Sony BMG is already seeing 10 percent of its revenue in the United States, and more than 20 percent of its revenue in China and South Korea, come from digital and mobile products, the executive said. In the next year, labels will increasingly find ways to boost those figures by offering a large range of different products at different times, and through different channels.
"We will see tiered pricing in the online world," Hesse said. "It will be coming out in different windows over time, and will be much more sophisticated than just the 99-cent download that we have seen."
These budding music windows--ranging from exclusive tracks posted on iTunes or prerelease ring tones to live CDs released long after an album's street date--are signs of how seriously the music industry is taking the digital business at last.
Indeed, physical CD sales continue to drop, and executives say they don't realistically expect that to turn around or even to stabilize immediately. Peer-to-peer use continues to rise worldwide, and according to research firm NPD Group, 44 percent of music found on consumers' hard drives in 2004 still came from file swapping or copying other CDs.
Digital sales continue to grow by leaps and bounds, however. According to the International Federation of the Phonographic Industry, about 180 million songs were sold online in the first half of 2005, up from 57 million in the same period last year.
A few individual titles are driving the surge. According to Jeremy Welt, Warner Music vice president of new media, his label is seeing digital sales account for 10 percent to 20 percent of first- and second-week sales for some of its heavily marketed titles. He cited the recent release of a soundtrack from the TV show "The OC," for which 18 percent of the first week's album sales were online.
Releasing content in tightly controlled windows--first in theaters, later to home video, and finally to TV, for example--has been hugely profitable for movie studios in the past few years.

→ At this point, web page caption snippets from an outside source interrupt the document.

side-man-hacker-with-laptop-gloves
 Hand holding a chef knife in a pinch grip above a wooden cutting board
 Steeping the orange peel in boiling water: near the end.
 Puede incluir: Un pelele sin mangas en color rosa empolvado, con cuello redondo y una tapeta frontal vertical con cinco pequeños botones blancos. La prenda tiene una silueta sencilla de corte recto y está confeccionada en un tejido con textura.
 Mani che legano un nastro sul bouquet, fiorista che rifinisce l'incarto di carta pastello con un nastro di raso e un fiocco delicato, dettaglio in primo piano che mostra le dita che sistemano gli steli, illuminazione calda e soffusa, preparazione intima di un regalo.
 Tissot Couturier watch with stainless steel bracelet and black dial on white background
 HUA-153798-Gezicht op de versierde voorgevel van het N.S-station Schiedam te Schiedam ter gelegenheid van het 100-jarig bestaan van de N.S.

These windows have shrunk substantially as DVD releases have been moved substantially closer, but the studios have kept strictly separate release dates for theaters, home video and on-demand services.
With a quickly expanding number of products and channels, including cell phones, online subscription and download sites, retail stores, streaming and downloadable video and more, the music business is evolving into a natural home for windows, some analysts say.
"The reason the movie industry is moving away from windowing is because they got so excited about DVD sales," said JupiterResearch analyst David Card. "But I think windows is more the natural order of things, with multiple packages and multiple release times."
This new product model is also fast changing the role of record companies, which are increasingly dealing with other giant corporations, from telephone companies to Internet portals, as music distributors.
"With the huge telephone companies, with Sprint, with Cingular, it is a completely different world," Hesse said. "It is a world in which the wind blows a little colder, and one in which the record companies are just tiny little cottage industries compared to the sandbox where we were before."